▶ [The problem] For this exercise, return only the lines in the records below from the one holding "Now it is showing" through the one holding "Into Elementor we", including both, exactly as they appear and without pictures.

▶ [Data records]
┌────────

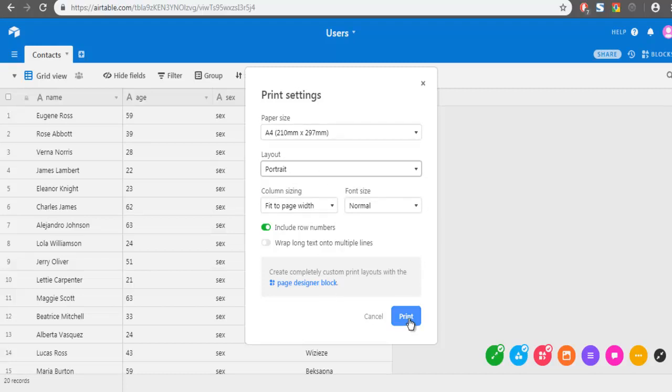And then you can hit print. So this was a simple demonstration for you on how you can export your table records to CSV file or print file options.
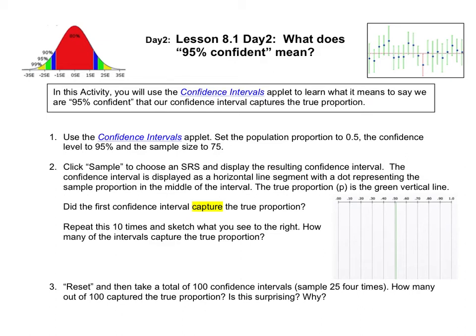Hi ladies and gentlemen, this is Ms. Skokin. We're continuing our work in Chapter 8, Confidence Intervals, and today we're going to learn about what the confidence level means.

└────────
┌────────

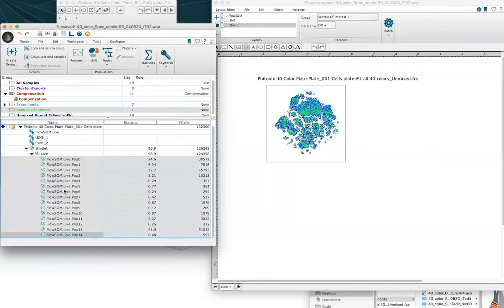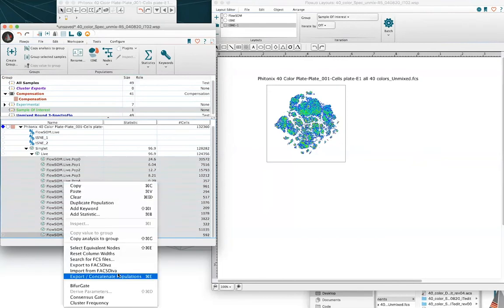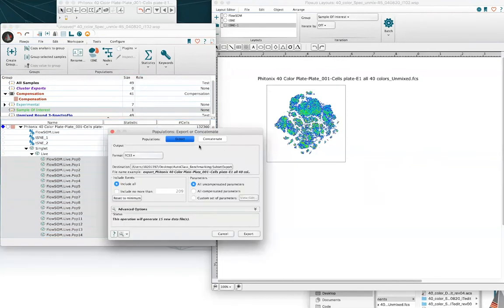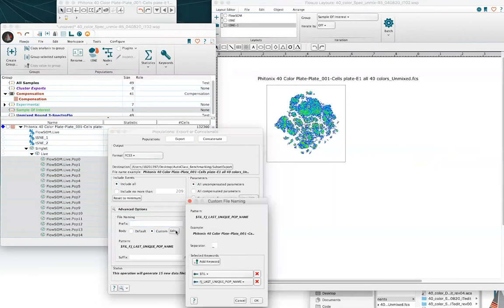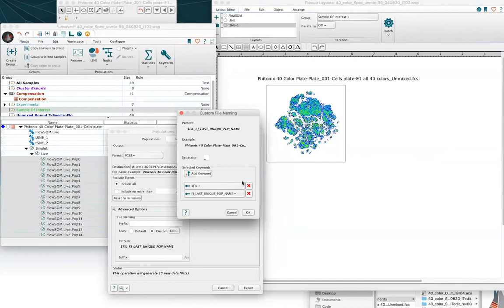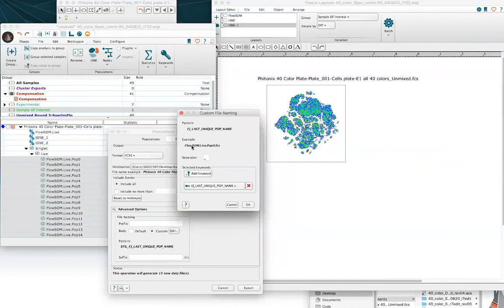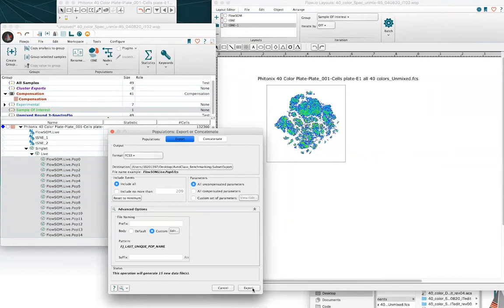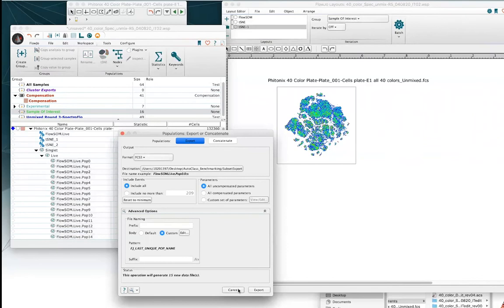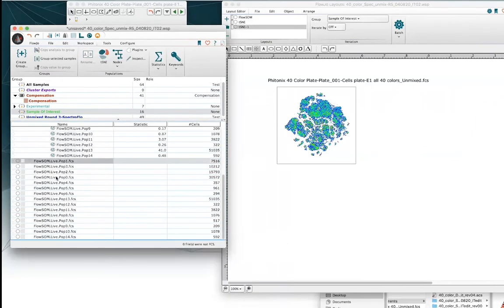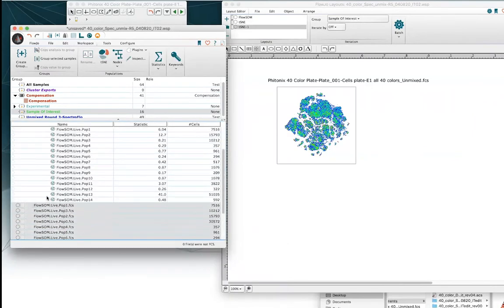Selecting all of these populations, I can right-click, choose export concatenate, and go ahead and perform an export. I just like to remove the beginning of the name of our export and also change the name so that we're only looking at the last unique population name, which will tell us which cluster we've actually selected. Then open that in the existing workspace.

└────────
┌────────

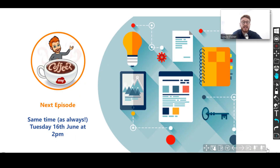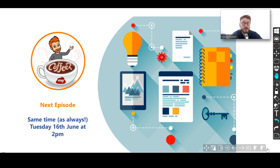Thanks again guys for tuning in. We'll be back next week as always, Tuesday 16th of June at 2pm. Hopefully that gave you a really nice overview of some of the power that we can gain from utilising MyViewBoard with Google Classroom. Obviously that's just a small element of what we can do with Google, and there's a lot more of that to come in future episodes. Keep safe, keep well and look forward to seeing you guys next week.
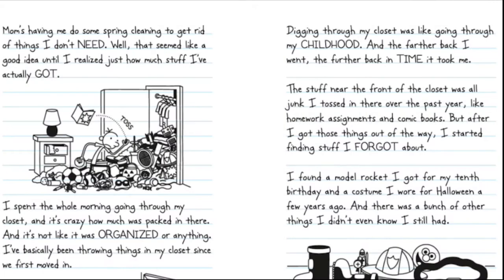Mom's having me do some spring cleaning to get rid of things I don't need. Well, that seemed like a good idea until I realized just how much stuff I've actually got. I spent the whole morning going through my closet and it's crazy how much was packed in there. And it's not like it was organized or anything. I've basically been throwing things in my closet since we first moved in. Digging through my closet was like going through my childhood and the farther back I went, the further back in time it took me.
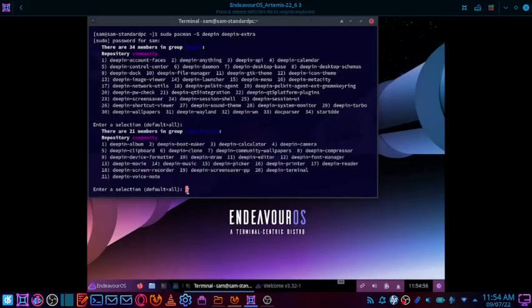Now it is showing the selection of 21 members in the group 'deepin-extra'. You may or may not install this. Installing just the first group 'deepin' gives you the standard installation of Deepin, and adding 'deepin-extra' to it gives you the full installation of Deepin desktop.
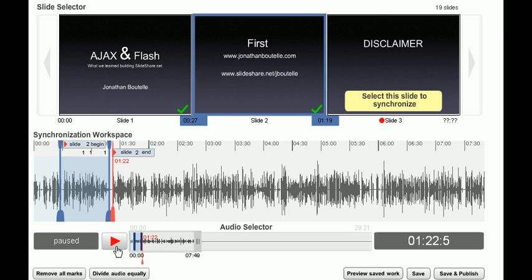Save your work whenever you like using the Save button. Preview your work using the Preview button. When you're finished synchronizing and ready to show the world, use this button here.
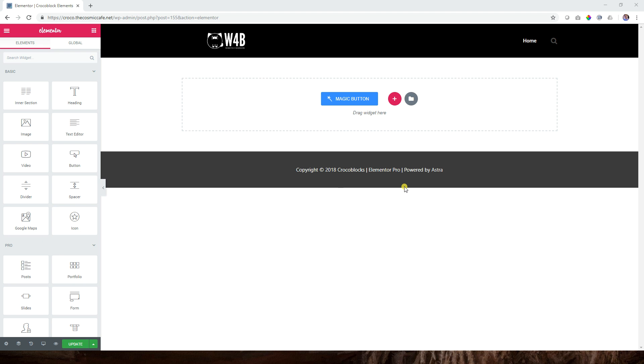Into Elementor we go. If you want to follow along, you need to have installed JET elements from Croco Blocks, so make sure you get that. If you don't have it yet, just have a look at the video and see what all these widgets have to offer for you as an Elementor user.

└────────

▶ [Finished exercise]
Now it is showing the selection of 21 members in the group 'deepin-extra'. You may or may not install this. Installing just the first group 'deepin' gives you the standard installation of Deepin, and adding 'deepin-extra' to it gives you the full installation of Deepin desktop.
Save your work whenever you like using the Save button. Preview your work using the Preview button. When you're finished synchronizing and ready to show the world, use this button here.
Into Elementor we go. If you want to follow along, you need to have installed JET elements from Croco Blocks, so make sure you get that. If you don't have it yet, just have a look at the video and see what all these widgets have to offer for you as an Elementor user.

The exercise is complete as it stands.